The response comes a week after Lake signalled to a Senate Foreign Relations Committee Hearing that she intends to counter China’s influence in Jamaica.

Lake told US lawmakers that, if confirmed, she would actively work to “ ... ensure that Jamaica continues to choose transparency, sovereignty, and partnership with the United States over dependence on actors whose interests do not align with our shared values”.

Yesterday, however, China, through its embassy in Kingston, said it has been and will continue to be “good friends and good partners for equality, mutual benefit and common development” with Latin America and the Caribbean (LAC).

It said openness, inclusiveness and win-win collaboration are the hallmark of China-LAC cooperation.

“China always respects the people of LAC countries and commits to equal treatment and mutual benefit. Our cooperation does not target any third party and should not be subject to interference by any third party,” the embassy said in an emailed response to The Gleaner.

It said that, over the past 53 years of diplomatic ties, China-Jamaica relations have set a prime example of “equal-footed interaction” and “mutually beneficial cooperation for win-win results” between countries of different sizes.

The embassy said that, in 2025, bilateral trade volume between China and Jamaica exceeded US$1.4 billion.

Further, it said Chinese companies have invested over US$2.1 billion in Jamaica, creating more than 40,000 direct jobs, with over 80 per cent of their workforce drawn from the island.

The embassy said China-aided projects – including the Hugh Lawson Shearer Building of the Ministry of Foreign Affairs and Foreign Trade and the Western Children’s Hospital, along with the North-South Highway – have become enduring symbols of China-Jamaica friendship.

It pointed to the Confucius Institute at The University of the West Indies (UWI), Mona campus, which it said has equipped more than 2,000 Jamaicans with Chinese language skills, while more than 3,000 Jamaicans have benefited from China-initiated scholarships and exchange programmes.

“After Jamaica was hit by Hurricane Melissa, China promptly provided financial assistance and emergency supplies to the island. The deployment of the Chinese Navy hospital ship Ark Silk Road and a Chinese team of medical experts provided humanitarian medical services to 7,563 local patients, leaving a lasting mark in the history of bilateral friendship.

“Through practical cooperation, our two countries have translated our friendship into tangible benefits for our two peoples,” the embassy said.

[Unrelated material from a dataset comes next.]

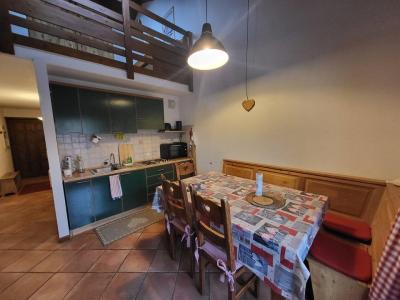 Alquiler Montgenèvre : Le Korossol verano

In March 2025, during a two-day visit to the Caribbean where he made stops in Jamaica, Guyana and Suriname, US Secretary of State Marco Rubio said China, a rich and powerful country, had “predatory practices”.

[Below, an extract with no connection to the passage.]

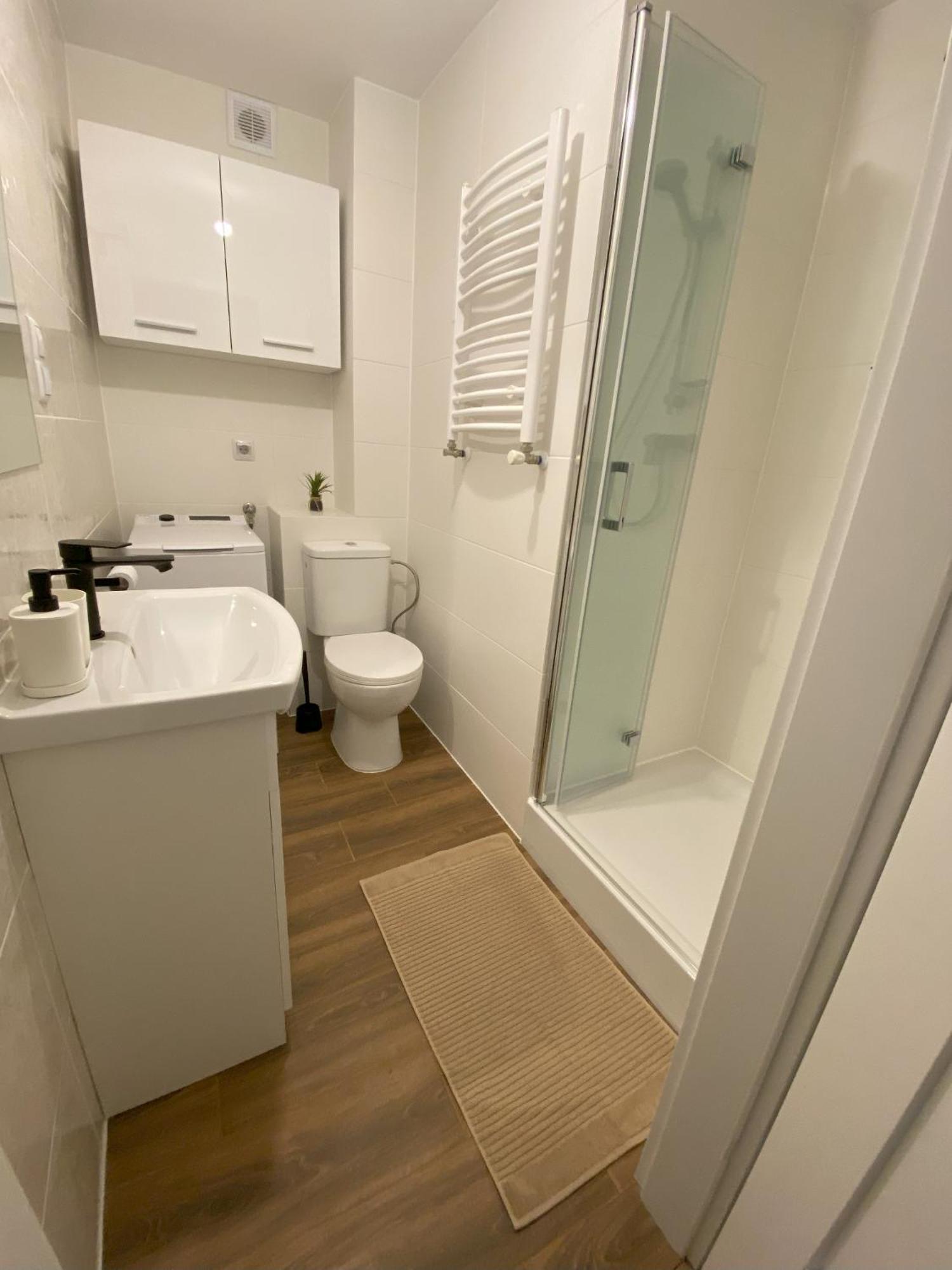 Apartmán Goplanska Free Parking Self Check-in 24h *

“What we have seen all over the world is that China comes in and says ‘Here’s a bunch of money’ for a project they never build. They bring their own workers to do work. They don’t hire the locals. They bring their own workers and oftentimes it comes attached with a huge loan that can never be repaid and now they hold it over your head forever,” Rubio said then.

“That’s our concern. Our concern is unfair practices where they come in, their government-subsidised companies underbid everybody because they are subsidised. But then they come back and charge you whatever they want because now they’ve got the contract. So, these are the things that we remain very concerned about and not specifically about Jamaica but in general,” the US’ top diplomat said.

At the Senate hearing, Lake buttressed those comments, noting that a core goal would be “countering China’s growing economic influence less than 500 miles from our shores”.

However, the embassy said US President Donald Trump’s visit to China to meet with Chinese President Xi Jingping, in May 2026, marked a new era and vision of building a constructive China-US relationship of strategic stability.

The embassy urged the US to honour recent bilateral understandings, noting that stable China-US relations are critical for global well-being and require a long-term, constructive approach.

“The resources of LAC belong to the people there; the path of LAC countries should be chosen by their people, and the choice of friends is a decision for LAC countries alone,” the embassy asserted.